# Inversion of this Vandermonde matrix

by Gerenuk
Tags: inversion, matrix, vandermonde
 P: 1,060 I was trying to expand a three and more parameter functions similarly to the two-parameter case f(x,y)=(f(x,y)+f(y,x))/2+(f(x,y)-f(y,x))/2. Anyway, to do the same for more parameters I need to solve $$\begin{pmatrix} 1 & 1 & 1 & \dotsb & 1\\ 1 & \omega & \omega^2 & \dotsb & \omega^{n-1}\\ 1 & \omega^2 & \omega^4 & \dotsb & \omega^{2(n-1)}\\ 1 & \omega^3 & \omega^6 & \dotsb & \omega^{3(n-1)}\\ \vdots & &&& \vdots \\ 1 & \omega^{n-1} & \omega^{2(n-1)} & \dotsb & \omega^{(n-1)(n-1)} \end{pmatrix}\mathbf{x}= \begin{pmatrix} 1 \\ 0 \\ 0 \\ 0 \\ \vdots \\ 0 \end{pmatrix}$$ with $\omega=\exp(2\pi\mathrm{i}/n)$ Is there a closed form expression for x? EDIT: Oh, silly me. I realized it's a discrete Fourier transform. So is this the correct way to expand then? In the 3 parameter case the solution would be $$f(x,y,z)=\frac13(f(x,y,z)+f(y,z,x)+f(z,x,y))+\frac13\left(f(x,y,z)+\ome ga f(y,z,x)+\omega^*f(z,x,y)\right)+\frac13\left(f(x,y,z)+\omega^*f(y,z,x) +\omega f(z,x,y)\right)$$ with $\omega=\exp(2\pi\mathrm{i}/3)$? Now I'm just wondering why I get linear dependent terms when I consider the real part only?
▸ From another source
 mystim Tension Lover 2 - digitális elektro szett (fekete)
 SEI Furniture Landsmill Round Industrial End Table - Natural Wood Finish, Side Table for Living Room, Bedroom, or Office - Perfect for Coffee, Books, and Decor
 Sci Advisor PF Gold P: 2,063 You're on the right track. It is convenient to write this equation in matrix notation as $$Wx=b$$ where b is the vector you wrote on the RHS. Since W is full-rank and non-singular, it is invertible and the solution to your problem is $$x=W^{-1}b$$ . You need the inverse of W, but this is easy since we know from the properties of the discrete Fourier transform (DFT) that the individual vector columns of W are independent. Each is an orthonormal basis vector of the DFT. In words, this follows because the component of signal at one frequency (cosine or sine at w_m) is independent to that at every other frequency w_n. In fact, $$W^{-1} = W^{\dagger}$$ that is, W is Hermitian (the dagger is the conjugate transpose operation) and unitary (you get the identity matrix in the next equation) $$WW^{\dagger}=I$$ . You can perform this multiplication explicitly it to see that this is so. Accordingly $$x=W^{\dagger}b$$ and you can write out the components of x explicitly.